WHAT THE TASK ASKS.
Starting at the line that has "Aerial photograph Mühlhausen" and stopping after the line that has "4th image of 155 Myrtle Ave Floor 1", reproduce the listing below exactly; omit everything else.

RECORDS SHOWN.
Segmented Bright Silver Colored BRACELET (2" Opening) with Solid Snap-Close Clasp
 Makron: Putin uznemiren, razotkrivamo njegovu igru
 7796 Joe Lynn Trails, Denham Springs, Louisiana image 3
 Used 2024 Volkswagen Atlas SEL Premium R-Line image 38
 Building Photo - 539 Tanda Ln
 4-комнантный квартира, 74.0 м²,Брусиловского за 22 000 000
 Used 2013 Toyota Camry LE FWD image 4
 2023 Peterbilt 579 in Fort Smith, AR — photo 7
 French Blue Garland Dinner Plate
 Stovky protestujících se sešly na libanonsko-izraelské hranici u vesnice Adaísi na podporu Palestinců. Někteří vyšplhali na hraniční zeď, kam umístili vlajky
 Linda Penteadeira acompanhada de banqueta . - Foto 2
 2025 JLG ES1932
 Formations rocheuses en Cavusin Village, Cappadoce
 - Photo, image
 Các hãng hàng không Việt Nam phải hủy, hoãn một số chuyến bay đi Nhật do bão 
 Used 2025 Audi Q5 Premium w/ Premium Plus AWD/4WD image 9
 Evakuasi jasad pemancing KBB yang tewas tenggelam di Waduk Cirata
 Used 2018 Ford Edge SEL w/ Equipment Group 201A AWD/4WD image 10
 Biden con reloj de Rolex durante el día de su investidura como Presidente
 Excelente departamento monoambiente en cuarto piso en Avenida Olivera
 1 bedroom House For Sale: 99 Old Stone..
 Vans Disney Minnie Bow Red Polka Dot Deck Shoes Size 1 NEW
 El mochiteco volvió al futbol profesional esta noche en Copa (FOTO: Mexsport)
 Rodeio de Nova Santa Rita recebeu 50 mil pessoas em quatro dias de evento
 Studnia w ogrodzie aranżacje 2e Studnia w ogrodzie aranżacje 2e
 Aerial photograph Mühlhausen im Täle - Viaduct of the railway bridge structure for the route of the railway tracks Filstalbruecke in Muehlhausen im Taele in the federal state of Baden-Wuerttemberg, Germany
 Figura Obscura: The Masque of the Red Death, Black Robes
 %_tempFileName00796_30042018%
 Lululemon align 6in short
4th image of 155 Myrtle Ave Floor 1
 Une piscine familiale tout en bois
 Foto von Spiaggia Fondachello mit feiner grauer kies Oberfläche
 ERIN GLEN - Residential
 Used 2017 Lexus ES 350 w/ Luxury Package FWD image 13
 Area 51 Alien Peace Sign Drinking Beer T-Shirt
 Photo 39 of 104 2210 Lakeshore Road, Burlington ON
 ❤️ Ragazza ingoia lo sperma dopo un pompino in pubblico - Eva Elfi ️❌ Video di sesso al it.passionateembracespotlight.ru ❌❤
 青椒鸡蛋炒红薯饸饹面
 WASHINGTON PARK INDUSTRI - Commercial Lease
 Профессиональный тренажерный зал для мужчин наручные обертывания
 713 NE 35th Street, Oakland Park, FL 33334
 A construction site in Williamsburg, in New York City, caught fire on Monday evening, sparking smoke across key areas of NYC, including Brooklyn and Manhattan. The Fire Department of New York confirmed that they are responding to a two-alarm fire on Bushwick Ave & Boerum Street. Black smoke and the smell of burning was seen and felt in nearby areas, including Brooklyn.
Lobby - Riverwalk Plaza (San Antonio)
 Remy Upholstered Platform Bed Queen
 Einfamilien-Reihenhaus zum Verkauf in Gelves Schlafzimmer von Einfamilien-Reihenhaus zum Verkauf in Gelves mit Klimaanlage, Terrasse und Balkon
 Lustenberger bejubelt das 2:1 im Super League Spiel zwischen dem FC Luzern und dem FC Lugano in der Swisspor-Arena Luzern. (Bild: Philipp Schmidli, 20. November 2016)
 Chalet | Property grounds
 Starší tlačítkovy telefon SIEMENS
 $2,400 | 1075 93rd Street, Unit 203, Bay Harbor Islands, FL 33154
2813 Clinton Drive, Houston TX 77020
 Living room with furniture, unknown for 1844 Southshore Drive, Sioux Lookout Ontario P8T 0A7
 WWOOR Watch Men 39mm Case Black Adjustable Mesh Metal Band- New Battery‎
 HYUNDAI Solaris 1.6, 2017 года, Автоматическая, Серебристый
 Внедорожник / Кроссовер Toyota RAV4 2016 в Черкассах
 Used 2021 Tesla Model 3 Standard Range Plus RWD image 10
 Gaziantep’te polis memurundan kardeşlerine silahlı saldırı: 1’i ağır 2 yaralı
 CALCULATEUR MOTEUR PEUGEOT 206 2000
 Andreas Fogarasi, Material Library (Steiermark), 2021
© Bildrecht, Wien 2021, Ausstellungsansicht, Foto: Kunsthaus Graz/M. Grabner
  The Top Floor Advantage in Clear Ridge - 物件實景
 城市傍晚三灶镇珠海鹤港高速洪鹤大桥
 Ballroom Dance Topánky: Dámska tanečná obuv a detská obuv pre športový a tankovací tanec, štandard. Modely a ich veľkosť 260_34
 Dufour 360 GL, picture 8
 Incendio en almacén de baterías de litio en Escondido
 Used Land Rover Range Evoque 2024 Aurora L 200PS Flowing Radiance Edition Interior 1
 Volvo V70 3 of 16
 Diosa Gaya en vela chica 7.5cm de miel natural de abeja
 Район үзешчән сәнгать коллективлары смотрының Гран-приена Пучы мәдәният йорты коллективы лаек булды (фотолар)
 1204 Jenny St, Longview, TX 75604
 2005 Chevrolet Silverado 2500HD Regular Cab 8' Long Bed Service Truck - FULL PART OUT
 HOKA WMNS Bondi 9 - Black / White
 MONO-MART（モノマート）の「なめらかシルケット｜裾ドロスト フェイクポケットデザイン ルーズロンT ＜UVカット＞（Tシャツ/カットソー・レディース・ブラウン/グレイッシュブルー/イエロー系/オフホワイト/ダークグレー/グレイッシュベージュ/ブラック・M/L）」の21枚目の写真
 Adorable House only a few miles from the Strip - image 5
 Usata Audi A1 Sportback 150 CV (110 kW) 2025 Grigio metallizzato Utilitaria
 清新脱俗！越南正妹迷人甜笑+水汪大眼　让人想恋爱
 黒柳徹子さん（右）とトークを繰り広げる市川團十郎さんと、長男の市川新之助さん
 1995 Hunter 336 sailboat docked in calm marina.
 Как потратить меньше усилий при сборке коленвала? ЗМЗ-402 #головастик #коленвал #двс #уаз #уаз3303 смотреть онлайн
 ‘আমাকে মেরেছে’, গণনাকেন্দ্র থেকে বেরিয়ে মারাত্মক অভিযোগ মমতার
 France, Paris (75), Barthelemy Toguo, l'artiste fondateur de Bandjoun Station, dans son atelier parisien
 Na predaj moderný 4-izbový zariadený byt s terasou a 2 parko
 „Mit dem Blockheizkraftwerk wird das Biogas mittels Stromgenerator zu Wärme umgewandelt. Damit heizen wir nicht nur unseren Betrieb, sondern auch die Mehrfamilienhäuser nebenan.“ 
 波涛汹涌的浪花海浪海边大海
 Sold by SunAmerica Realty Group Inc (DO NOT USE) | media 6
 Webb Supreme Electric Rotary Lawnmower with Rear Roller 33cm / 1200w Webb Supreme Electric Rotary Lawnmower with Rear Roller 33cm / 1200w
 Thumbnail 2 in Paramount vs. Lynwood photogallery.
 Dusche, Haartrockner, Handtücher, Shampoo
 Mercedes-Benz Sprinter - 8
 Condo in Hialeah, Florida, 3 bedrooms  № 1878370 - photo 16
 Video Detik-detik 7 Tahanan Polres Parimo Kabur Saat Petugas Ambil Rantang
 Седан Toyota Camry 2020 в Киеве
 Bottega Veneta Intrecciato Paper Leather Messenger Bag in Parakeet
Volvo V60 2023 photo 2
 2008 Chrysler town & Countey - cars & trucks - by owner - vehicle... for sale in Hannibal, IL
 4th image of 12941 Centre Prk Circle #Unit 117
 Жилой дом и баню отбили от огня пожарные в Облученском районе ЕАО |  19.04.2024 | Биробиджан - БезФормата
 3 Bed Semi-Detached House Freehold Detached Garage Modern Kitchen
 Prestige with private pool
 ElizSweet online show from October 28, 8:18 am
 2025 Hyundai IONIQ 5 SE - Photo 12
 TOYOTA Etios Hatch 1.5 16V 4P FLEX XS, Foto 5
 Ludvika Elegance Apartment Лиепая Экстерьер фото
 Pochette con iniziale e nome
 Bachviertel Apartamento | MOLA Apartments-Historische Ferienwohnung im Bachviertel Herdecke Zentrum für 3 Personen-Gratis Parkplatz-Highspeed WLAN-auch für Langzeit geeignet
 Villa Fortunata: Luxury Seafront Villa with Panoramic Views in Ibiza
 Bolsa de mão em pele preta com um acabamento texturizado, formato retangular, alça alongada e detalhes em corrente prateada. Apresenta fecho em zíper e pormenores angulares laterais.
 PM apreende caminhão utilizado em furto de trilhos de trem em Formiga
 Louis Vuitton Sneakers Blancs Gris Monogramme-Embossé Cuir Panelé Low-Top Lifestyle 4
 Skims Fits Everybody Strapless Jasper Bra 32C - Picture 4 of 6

ANSWER SPACE.
 Aerial photograph Mühlhausen im Täle - Viaduct of the railway bridge structure for the route of the railway tracks Filstalbruecke in Muehlhausen im Taele in the federal state of Baden-Wuerttemberg, Germany
 Figura Obscura: The Masque of the Red Death, Black Robes
 %_tempFileName00796_30042018%
 Lululemon align 6in short
4th image of 155 Myrtle Ave Floor 1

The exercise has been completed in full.